| As a side note, since the article also mentions that: Since 1/10 Austria and Germany are not in the same energy zone anymore, the pricing zone was split up. This was done because too much renewable power feeding in at near zero cost in Germany was flooding the markets and pushing too much strain on the grid. Heavily needed power lines weren't built because people were protesting. So the first week has passed were the zones are actually split up and we can see that energy prices are way higher in Austria than in Germany, see [1]. Sure, a more definite answer would need to look at a longer time span. The highest difference actually was on 3/10, where baseload in Germany was 18.29 €/MWh compared to 60.40€/MWh. And peakload on 3/10 was 17.13 €/MWh in Germany compared to 65.83 €/Mwh in Austria. Solar generation on 3/10 in Germany was 12.5 GW! So far good for Germany, since they anyway subsidize solar and wind heavily and now have the low prices more or less for them self (not totally because cross border capacities, [4]) I haven't looked so far in the costs of the auxiliary energy, really curious how they develop. Germany has in total probably around 385 MW in battery storage already [3] and lots of battery storage projected for 2019. [1] https://www.epexspot.com/en/market-data/dayaheadauction
[2] https://www.eex-transparency.com/homepage/power/germany/prod...

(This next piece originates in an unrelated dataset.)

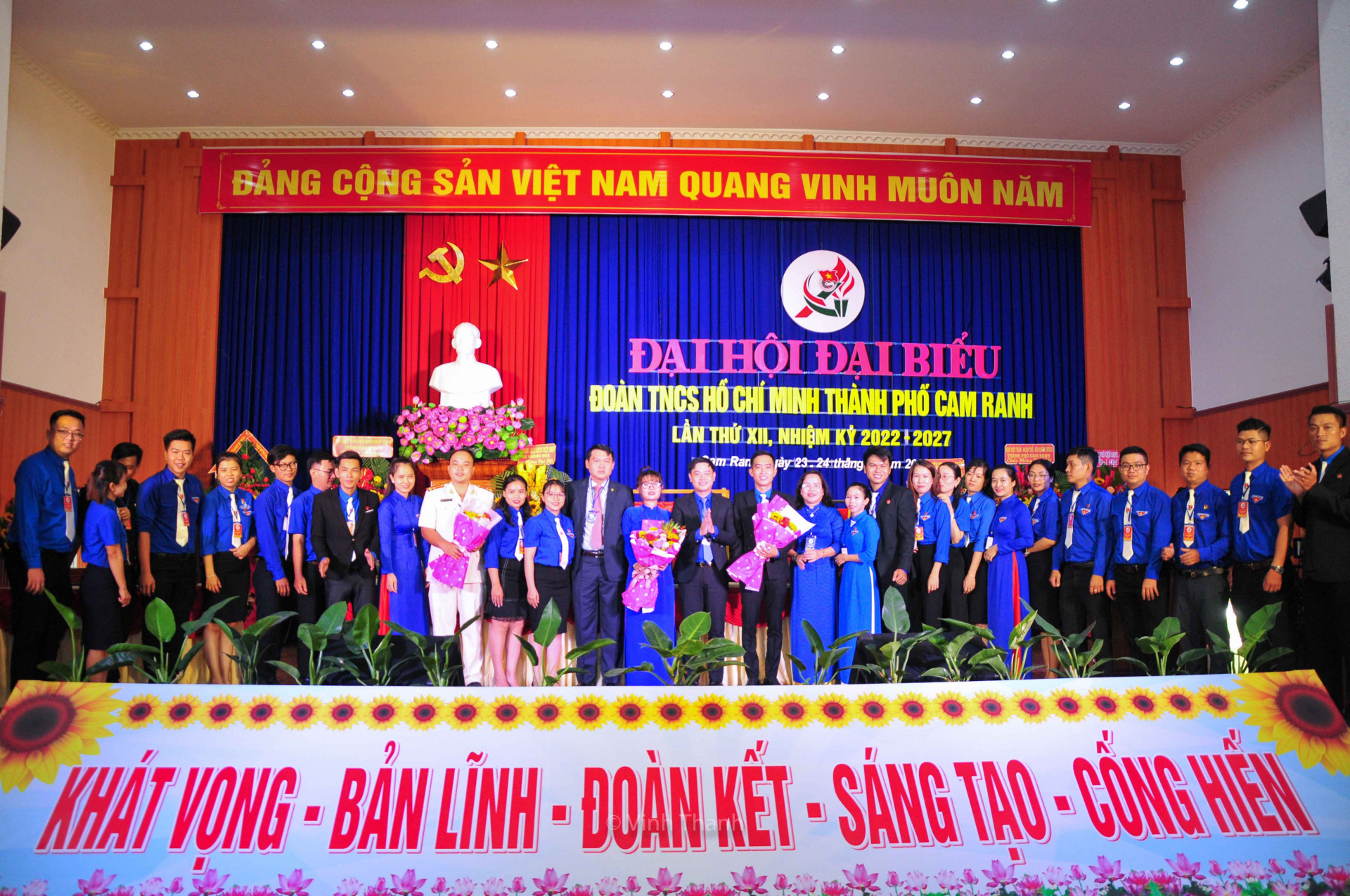 Các đại biểu tặng hoa chúc mừng Ban Chấp hành Thành đoàn Cam Ranh nhiệm kỳ 2022 - 2027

[3] https://www.powerengineeringint.com/articles/2018/03/battery...
[4] https://www.entsoe.eu/data/map/ |
My idea on this was to use the batteries of the new electric cars to store energy and take it for the peaks. This would need cooperation with the carparks of the big companies to provide free battery loading during the day vs sucking off peak voltages in the morning and at noon. In the late afternoon the battery must be full, what happens in the morning and at noon is for the grid. This solves the electric car problem, and the grid problem with not enough north-south lines.